» DATA EXTRACTS
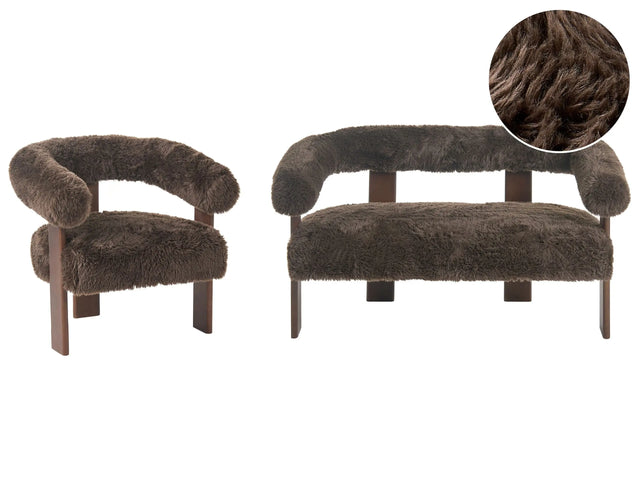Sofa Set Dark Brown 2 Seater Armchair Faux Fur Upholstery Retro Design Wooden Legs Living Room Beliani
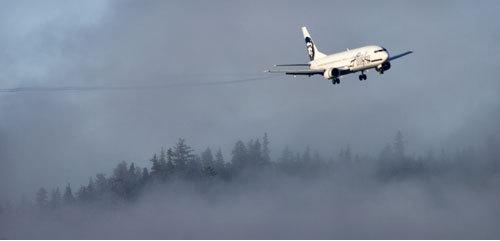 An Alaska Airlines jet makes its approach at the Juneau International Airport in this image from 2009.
--
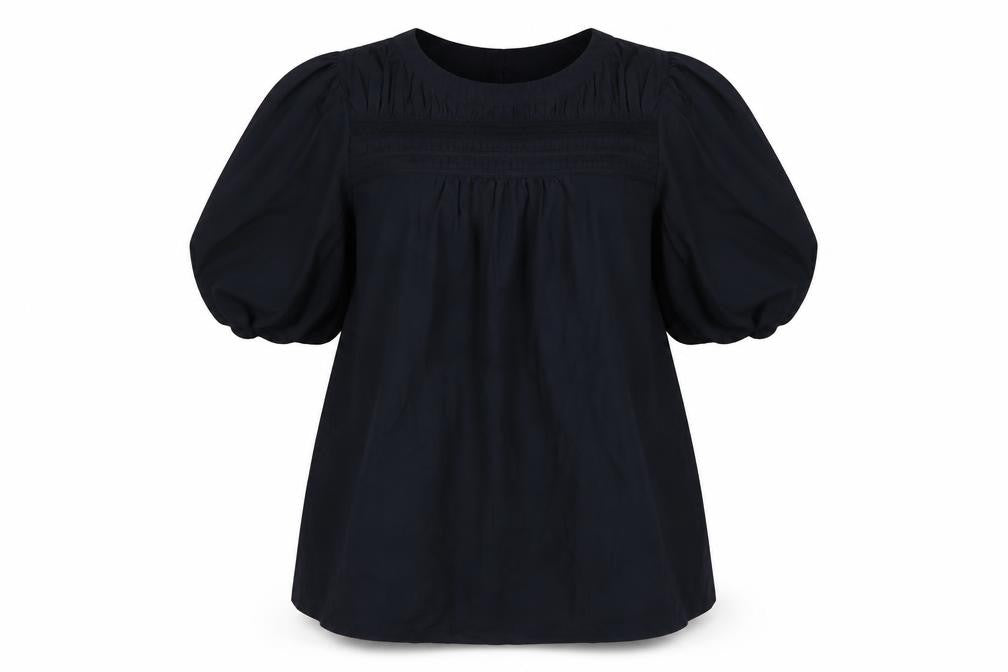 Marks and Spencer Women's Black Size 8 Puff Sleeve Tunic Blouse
==
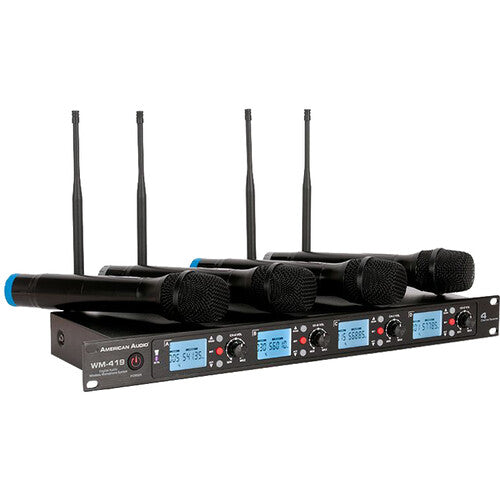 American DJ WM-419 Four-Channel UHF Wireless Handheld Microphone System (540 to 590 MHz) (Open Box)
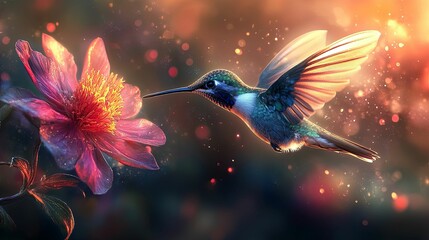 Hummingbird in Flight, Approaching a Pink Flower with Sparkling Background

» ASSIGNMENT
Above is the material; set down exactly its lines from the one containing "Sofa Set Dark" down to the one containing "An Alaska Airlines", both included, leaving out any pictures.

» SOLUTION TO THIS TASK
Sofa Set Dark Brown 2 Seater Armchair Faux Fur Upholstery Retro Design Wooden Legs Living Room Beliani
 An Alaska Airlines jet makes its approach at the Juneau International Airport in this image from 2009.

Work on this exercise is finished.